- **Exercise instructions**: Nothing but the lines from the one containing "this 250×188 image." through the end of the entries should be set down, each exactly as written.

════════════════════

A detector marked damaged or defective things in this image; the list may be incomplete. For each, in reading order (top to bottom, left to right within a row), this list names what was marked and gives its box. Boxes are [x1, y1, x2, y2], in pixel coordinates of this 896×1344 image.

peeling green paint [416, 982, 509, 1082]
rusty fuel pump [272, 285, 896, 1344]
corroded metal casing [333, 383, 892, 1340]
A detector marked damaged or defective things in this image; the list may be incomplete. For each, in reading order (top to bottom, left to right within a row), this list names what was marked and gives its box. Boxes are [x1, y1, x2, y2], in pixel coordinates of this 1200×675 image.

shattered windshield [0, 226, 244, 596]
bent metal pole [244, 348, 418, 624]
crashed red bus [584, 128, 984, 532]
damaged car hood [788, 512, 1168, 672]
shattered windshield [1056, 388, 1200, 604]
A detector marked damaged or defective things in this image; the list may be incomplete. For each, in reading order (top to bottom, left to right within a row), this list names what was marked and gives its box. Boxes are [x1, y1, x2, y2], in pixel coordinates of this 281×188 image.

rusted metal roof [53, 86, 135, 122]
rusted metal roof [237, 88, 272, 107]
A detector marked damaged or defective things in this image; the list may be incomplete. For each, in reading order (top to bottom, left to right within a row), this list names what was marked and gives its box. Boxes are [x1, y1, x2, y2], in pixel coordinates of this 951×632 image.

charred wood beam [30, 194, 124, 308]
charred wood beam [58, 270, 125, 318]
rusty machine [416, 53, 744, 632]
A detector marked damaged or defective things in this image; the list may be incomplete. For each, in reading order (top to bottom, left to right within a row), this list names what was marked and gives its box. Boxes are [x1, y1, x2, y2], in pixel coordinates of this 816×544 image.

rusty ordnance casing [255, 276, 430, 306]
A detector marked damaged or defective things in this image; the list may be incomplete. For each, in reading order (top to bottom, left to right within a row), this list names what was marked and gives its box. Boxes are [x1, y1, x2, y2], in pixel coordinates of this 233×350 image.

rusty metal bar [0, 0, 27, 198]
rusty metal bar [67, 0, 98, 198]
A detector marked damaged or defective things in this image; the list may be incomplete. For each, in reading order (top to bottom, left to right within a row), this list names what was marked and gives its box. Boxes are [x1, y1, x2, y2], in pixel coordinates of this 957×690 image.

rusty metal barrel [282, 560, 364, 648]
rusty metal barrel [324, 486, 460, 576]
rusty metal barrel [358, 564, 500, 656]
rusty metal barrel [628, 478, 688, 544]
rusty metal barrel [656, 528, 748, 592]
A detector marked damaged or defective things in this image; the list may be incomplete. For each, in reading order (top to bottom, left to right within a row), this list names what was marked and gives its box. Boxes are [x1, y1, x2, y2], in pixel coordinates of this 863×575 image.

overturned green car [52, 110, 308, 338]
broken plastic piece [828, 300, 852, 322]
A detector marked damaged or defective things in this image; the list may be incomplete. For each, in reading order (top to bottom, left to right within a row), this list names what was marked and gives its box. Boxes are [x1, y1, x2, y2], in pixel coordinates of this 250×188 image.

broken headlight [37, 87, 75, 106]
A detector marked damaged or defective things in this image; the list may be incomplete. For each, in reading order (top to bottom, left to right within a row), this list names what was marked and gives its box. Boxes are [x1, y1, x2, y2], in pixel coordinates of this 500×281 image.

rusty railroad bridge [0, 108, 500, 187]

════════════════════

- **Completed task**:
A detector marked damaged or defective things in this image; the list may be incomplete. For each, in reading order (top to bottom, left to right within a row), this list names what was marked and gives its box. Boxes are [x1, y1, x2, y2], in pixel coordinates of this 250×188 image.

broken headlight [37, 87, 75, 106]
A detector marked damaged or defective things in this image; the list may be incomplete. For each, in reading order (top to bottom, left to right within a row), this list names what was marked and gives its box. Boxes are [x1, y1, x2, y2], in pixel coordinates of this 500×281 image.

rusty railroad bridge [0, 108, 500, 187]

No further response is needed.